Re: [gomp4] OpenACC async re-work
On 06/27/2017 03:56 AM, Chung-Lin Tang wrote:
> On 2017/6/27 6:45 AM, Cesar Philippidis wrote:
>>> (1) Instead of essentially implementing the entire OpenACC async support
>>> inside the plugin, we now use an opaque 'goacc_asyncqueue' implemented
>>> by the plugin, along with core 'test', 'synchronize', 'serialize', etc.
>>> plugin functions. Most of the OpenACC specific logic is pulled into
>>> libgomp/oacc-async.c
>> I'm not sure if plugins need to maintain backwards compatibility.
>> However, I don't see any changes inside libgomp.map, so maybe it's not
>> required.
>
> This patch is pretty large, but only inner workings (including libgomp vs. plugin interface) were modified.

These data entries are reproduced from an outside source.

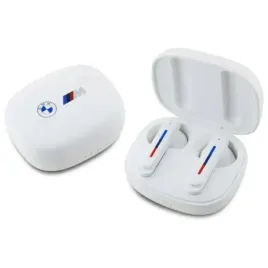 sluchawki-bluetooth-tws-enc-z-etui-ladujacym-bialy-do-bmw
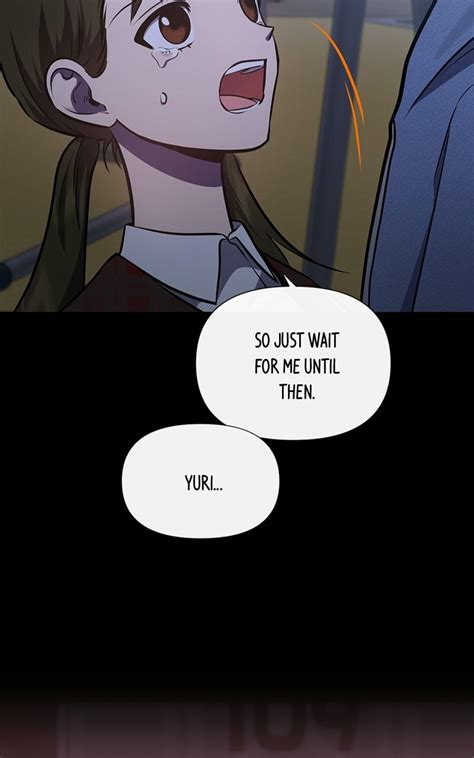 Devilish Romance Chapter 90 Mangapill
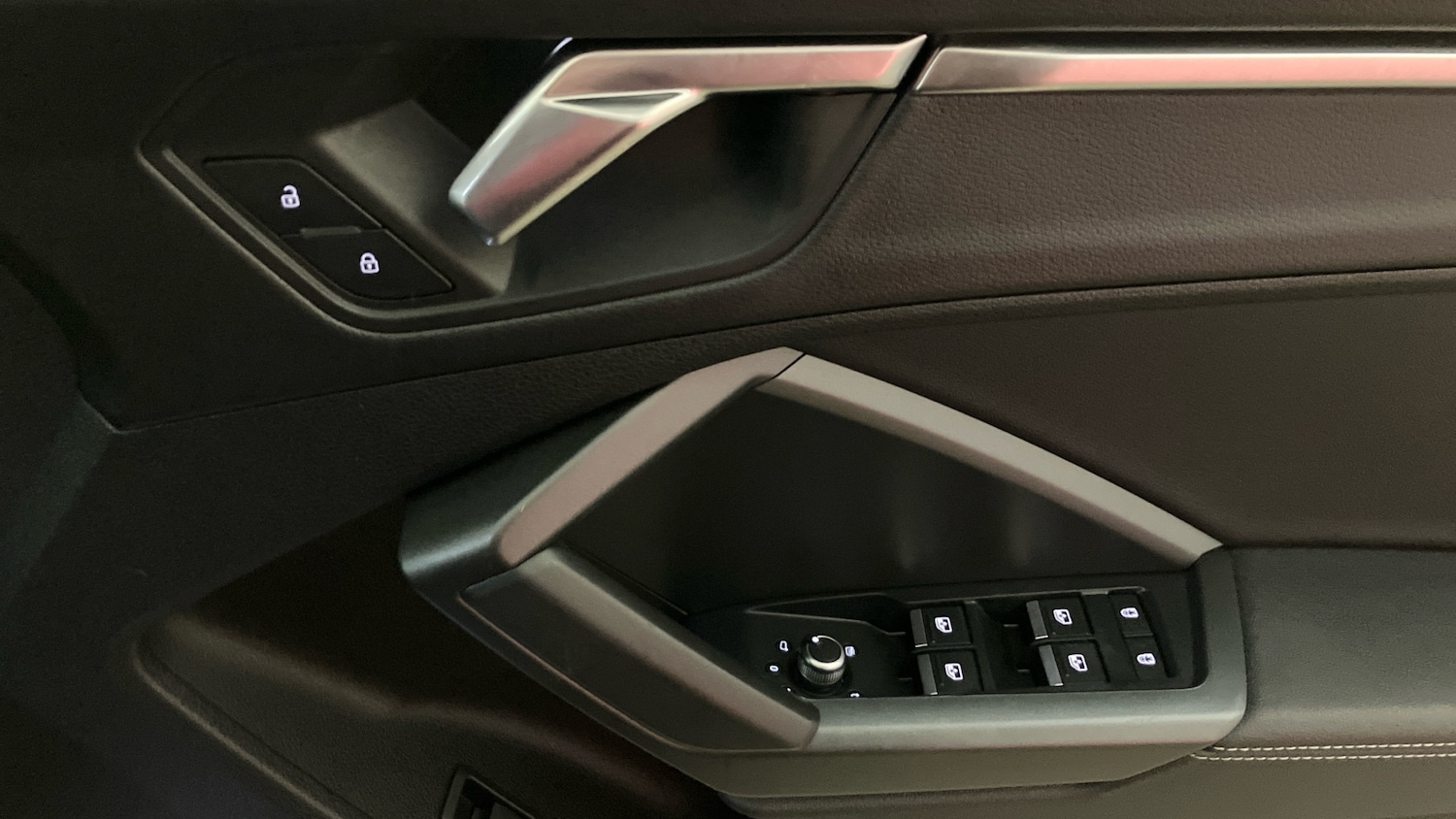 Used Audi Q3 2023 for sale - 77106419: Photo 19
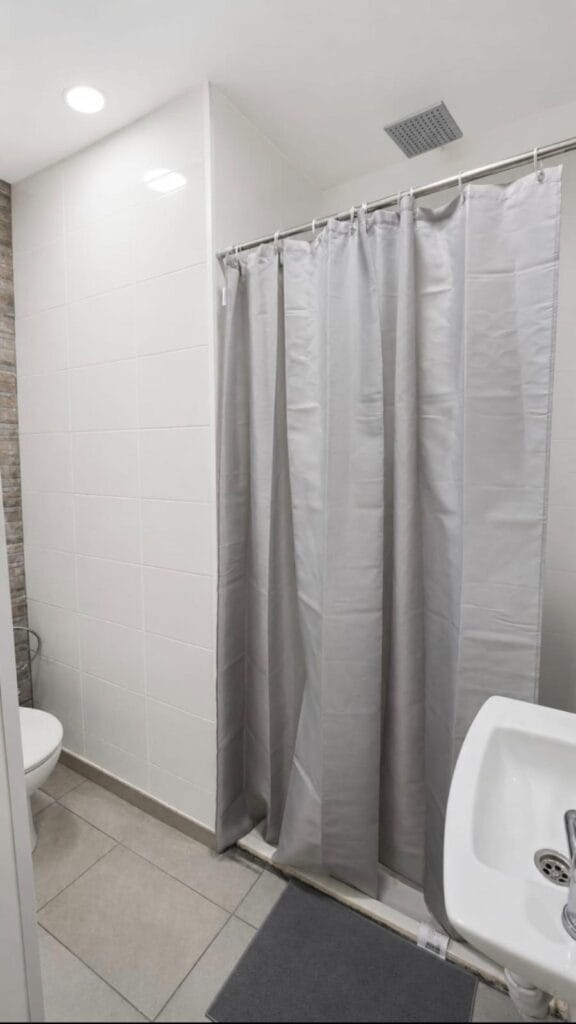 Foto 5 del inmueble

> No user API compatibility was altered.
>
>>> (3) For 'wait + async', we now add a local thread synchronize, instead
>>> of just ordering the streams.
>>>
>>> (4) To work with the (3) change, some front end changes were added to
>>> propagate argument-less wait clauses as 'wait(GOACC_ASYNC_NOVAL)' to
>>> represent a 'wait all'.
>> What's the significance of GOMP_ASYNC_NOVAL? Wouldn't it have been
>> easier to make that change in the gimplifier?
>
> Actually, we were basically throwing away argument-less wait clauses in front-ends
> before this patch; i.e. '#pragma acc parallel async' and '#pragma acc parallel wait async'
> were internally the same.
>
> The use of GOMP_ASYNC_NOVAL (-1) was just following the current 'async' clause representation
> convention.
So then then wait was implied before? Or maybe that's why 'wait async'
didn't work.
>>> Patch was tested to have no regressions on gomp-4_0-branch. I'll commit
>>> this after the weekend (or Tues.)
>>> * plugin/plugin-nvptx.c (struct cuda_map): Remove.
>>> (GOMP_OFFLOAD_openacc_exec): Adjust parameters and code.
>>> (GOMP_OFFLOAD_openacc_async_exec): New plugin hook function.
>> These two functions seem extremely similar. I wonder if you should
>> consolidate them.
>
> It would be nice to have a proper set of pthreads based host fallback hooks
> for the openacc.async substruct later. Ideally, an accelerator plugin can
> just implement GOMP_OFFLOAD_openacc_exec, and the default host pthreads-based
> GOMP_OFFLOAD_openacc_async_exec can be implemented in terms of
> the synchronous GOMP_OFFLOAD_openacc_exec. Combining the two hook routines
> would make this less clean.
After looking at this some more, I like how your patch simplifies
things. This small bit of somewhat duplicated code is much better than
what we had before. So I'm ok with it.
>> Overall, I like how you were able eliminate the externally managed map_*
>> data structure which was used to pass in arguments to nvptx_exec.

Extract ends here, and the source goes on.